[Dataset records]

- - -

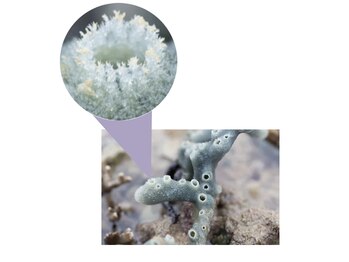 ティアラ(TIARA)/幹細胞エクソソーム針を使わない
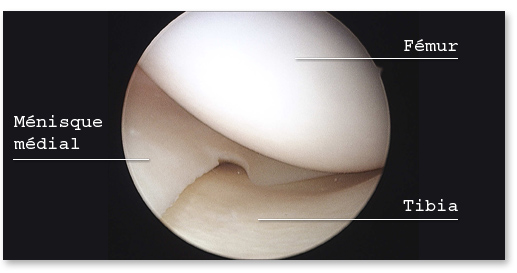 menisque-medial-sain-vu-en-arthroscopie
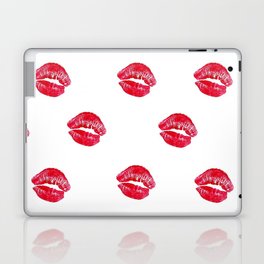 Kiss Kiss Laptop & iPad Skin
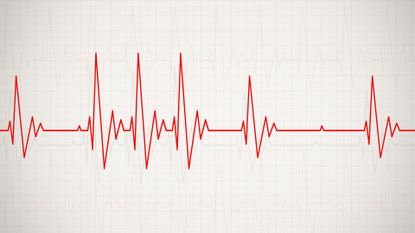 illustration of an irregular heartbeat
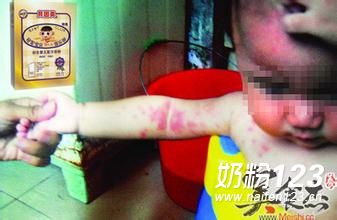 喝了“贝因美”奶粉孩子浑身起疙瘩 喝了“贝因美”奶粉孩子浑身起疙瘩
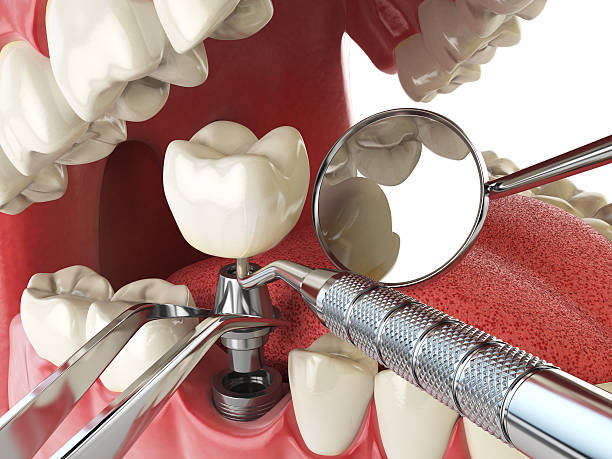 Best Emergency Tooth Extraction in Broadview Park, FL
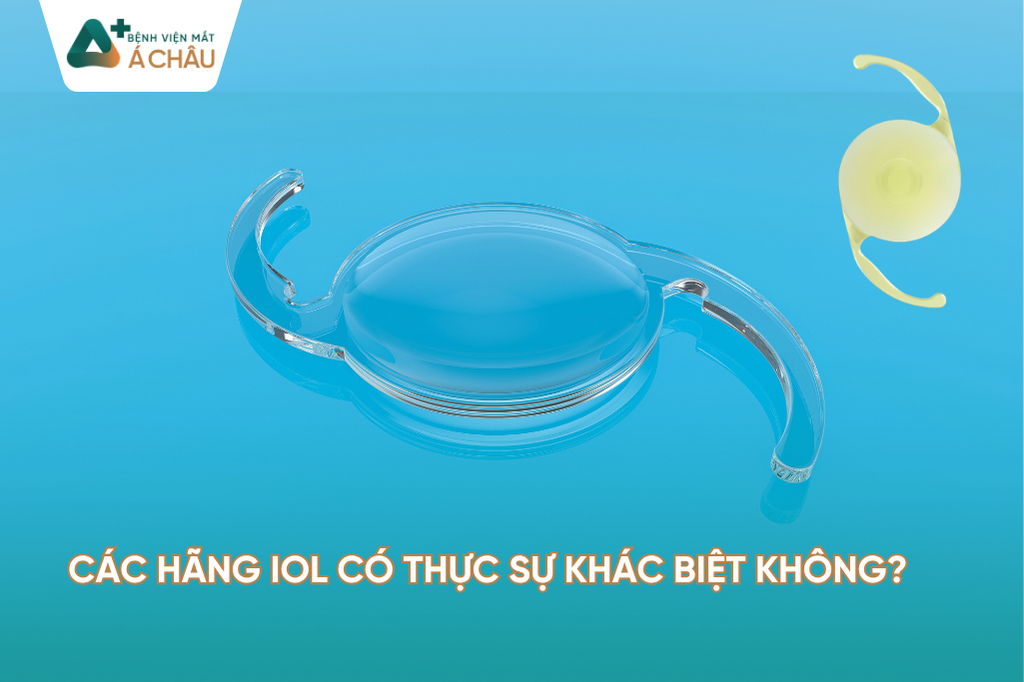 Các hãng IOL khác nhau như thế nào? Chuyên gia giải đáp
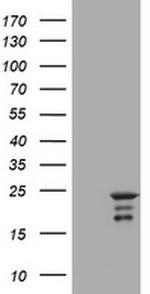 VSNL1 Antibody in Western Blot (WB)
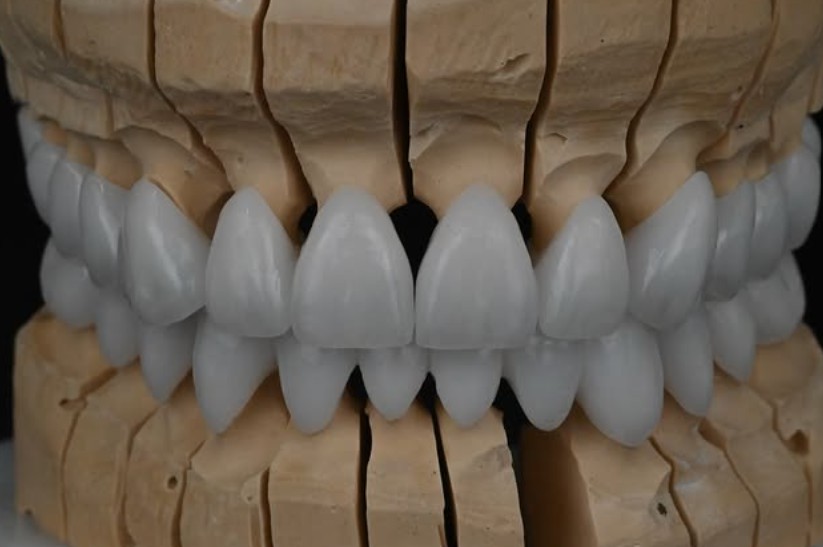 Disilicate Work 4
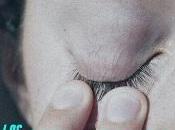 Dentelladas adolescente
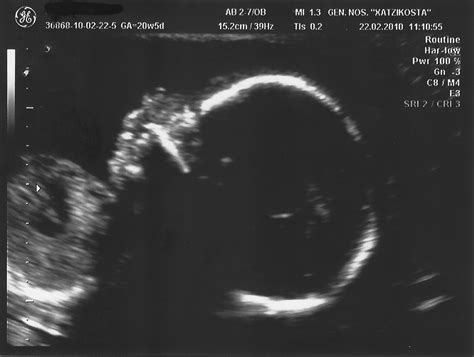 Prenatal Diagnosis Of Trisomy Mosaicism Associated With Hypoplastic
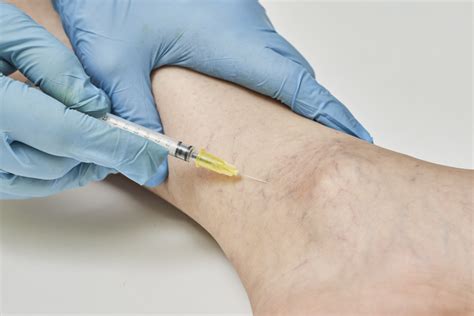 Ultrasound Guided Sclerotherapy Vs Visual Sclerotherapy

- - -

● ACTIVITY:
Produce an exact copy of the records above, leaving out the pictures.

● TASK SOLUTION:
 ティアラ(TIARA)/幹細胞エクソソーム針を使わない
 menisque-medial-sain-vu-en-arthroscopie
 Kiss Kiss Laptop & iPad Skin
 illustration of an irregular heartbeat
 喝了“贝因美”奶粉孩子浑身起疙瘩 喝了“贝因美”奶粉孩子浑身起疙瘩
 Best Emergency Tooth Extraction in Broadview Park, FL
 Các hãng IOL khác nhau như thế nào? Chuyên gia giải đáp
 VSNL1 Antibody in Western Blot (WB)
 Disilicate Work 4
 Dentelladas adolescente
 Prenatal Diagnosis Of Trisomy Mosaicism Associated With Hypoplastic
 Ultrasound Guided Sclerotherapy Vs Visual Sclerotherapy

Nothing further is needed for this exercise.